GEO@EAIFR Webinar Series 2024

20 12 : 00 - 14 : 00 Mar
Seminar
2024

Dr. Delphine Smittarrello will discuss the mechanism behind the Nyiragongo 2021 eruption.

 

The East African Institute for Fundamental Research (EAIFR) and the International Centre for Theoretical Physics (ICTP) wish to inform those who may be interested of a GEO@EAIFR webinar. This seminar will take place on March, 2024 and will be broadcast live on ZOOM. It will also be recorded and later posted on the ICTP-EAIFR YouTube channel, where one can find the previous recorded GEO@EAIFR webinars. Below all the details:

Speaker:  Dr. Delphine Smittarello, European Center for Geodynamics and Seismology (ECGS), Luxembourg

 

Title: An unpredictable eruption? The mechanism behind the Nyiragongo 2021 eruption.


When: March 20, 2024 at 12:00  (Kigali time).

Register in advance for this meeting by clicking here.

All are very welcome.

 

Abstract: On 22 May 2021, Mount Nyiragongo (D.R. Congo), an open-vent volcano with a persistent lava lake perched within its summit crater, produced its third historically known flank eruption and the first ever to be recorded by dense measurements both on the ground and from space. The flank eruption started although no alarming precursory unrest had been reported which highlight the difficulty to monitor permanently erupting volcanoes. This ~6-hour-long flank eruption produced deadly lava flows and was followed–rather than preceded– by an intense seismic crisis strongly felt in the cities of Goma (D.R. Congo) and Gisenyi (Rwanda) where about 1 Millions inhabitants are living.

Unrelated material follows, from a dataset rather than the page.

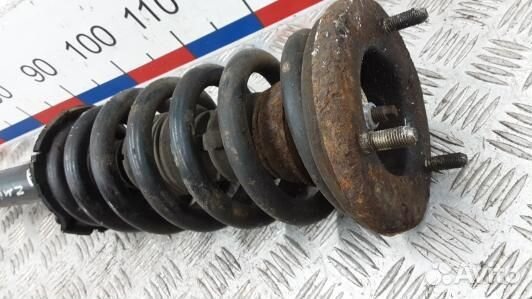 Стойка передняя левая mitsubishi pajero 3 (ZML04K5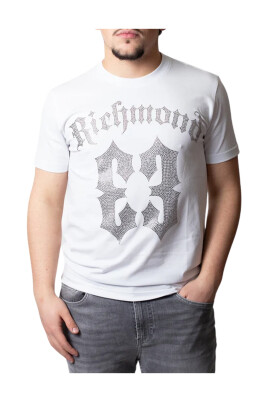 graphic-logo-tee-bold-style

Jointly analysing various in situ data (seismic, acoustic, GNSS, lava sampling) together with remote sensing (radar and multispectral imagery) allowed to characterize the mechanisms behind this eruption.
Thus, a structural failure of Nyiragongo edifice most likely produced the ~6 hours long fissure effusion. Then the eruption stopped but the shallow feeder  dike continued to propagate from the Nyiragongo edifice to beneath Goma and Gisenyi city centers then below the northern part of Lake Kivu. It finally stopped in front of a regional inherited structure called the Nyabihu fault and reactivated micro-tectonic seismicity in the whole Lake Kivu area.
Our study highlights the shallow origin of the dike fed by the drainage of the lava lake plumbing system which led to the temporary disappearance of the world’s largest long-living lava lake. In addition, this volcanic crisis, raises new questions about the mechanisms controlling flank eruptions at Nyiragongo and the possibility to face substantially more hazardous events, such as effusions within densely urbanised areas, phreato-magmatism or a limnic eruption from the gas-rich Lake Kivu.

 

Biography:  I completed my doctorate at ISTerre (France), working on the propagation of dikes with Virginie Pinel and Valérie Cayol (2016-2019). In 2020, I started working at ECGS (Luxembourg) as a postdoctoral researcher mainly focused on modeling ground deformation data. And since June 2022 I have been hired at ECGS as a permanent researcher.